We all want to be happy, don’t we? In fact, in a way, we’re all somewhat hedonistic. We see happiness as the ultimate goal. We think this is the best that we can get in this life. There are so many people desperate for happiness that they will fill their bodies with drugs, legal and illegal, just to feel happiness again. Happiness is a beautiful thing, I don’t deny it. It is wonderful to be happy. But maybe we’re all too eager to silence the sorrow we inevitably face in this life.
Because it is through sorrow that we discover our emptiness and so are driven to Christ.
Sorrow reminds us that we do not have enough within ourselves to survive.
Sorrow erases all pretensions of self-sufficiency and we are left with the brutal honesty of our complete inability to make everything right.
Sorrow makes us realize that all happiness is a precious gift from God, that any joy we have is only because of His grace, because we have nothing to offer of our own.
Sorrow allows us to cry with a suffering friend, it is sorrow which unites all mankind and gives us this common identity as fellow wanderers in this life which can be so dark.
Sorrow makes us question all the presuppositions and values we’ve held; it is sorrow which knocks the neat, tidy compartments of our mind down, it is sorrow which shatters our assumptions and forces us to rebuild ourselves again, deeper, and stronger.

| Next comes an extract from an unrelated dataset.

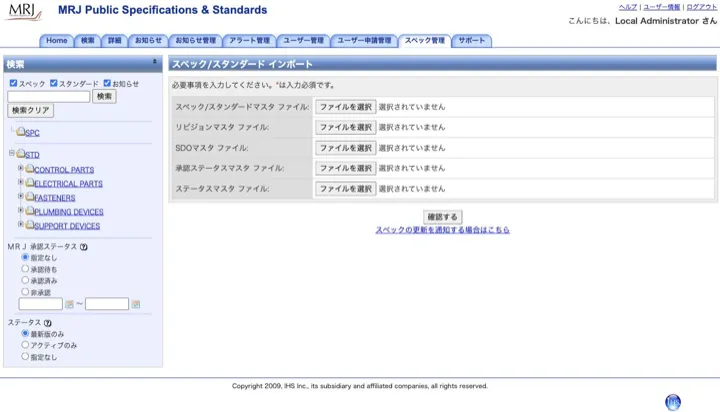 技術文書や改訂情報などのマスターファイルを一括で取り込むCSV取込画面（縮小イメージ）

Sorrow makes us wonder how many people we’ve purposefully or inadvertently wounded, it is sorrow which makes us more careful people because we know how much it can hurt.
Sorrow reminds us that this life is a journey, that we are traveling to a greater home, where there will be no tears or mourning.
I really like this! It shows how dependent we are on God. I never thought of sorrow quite this way before.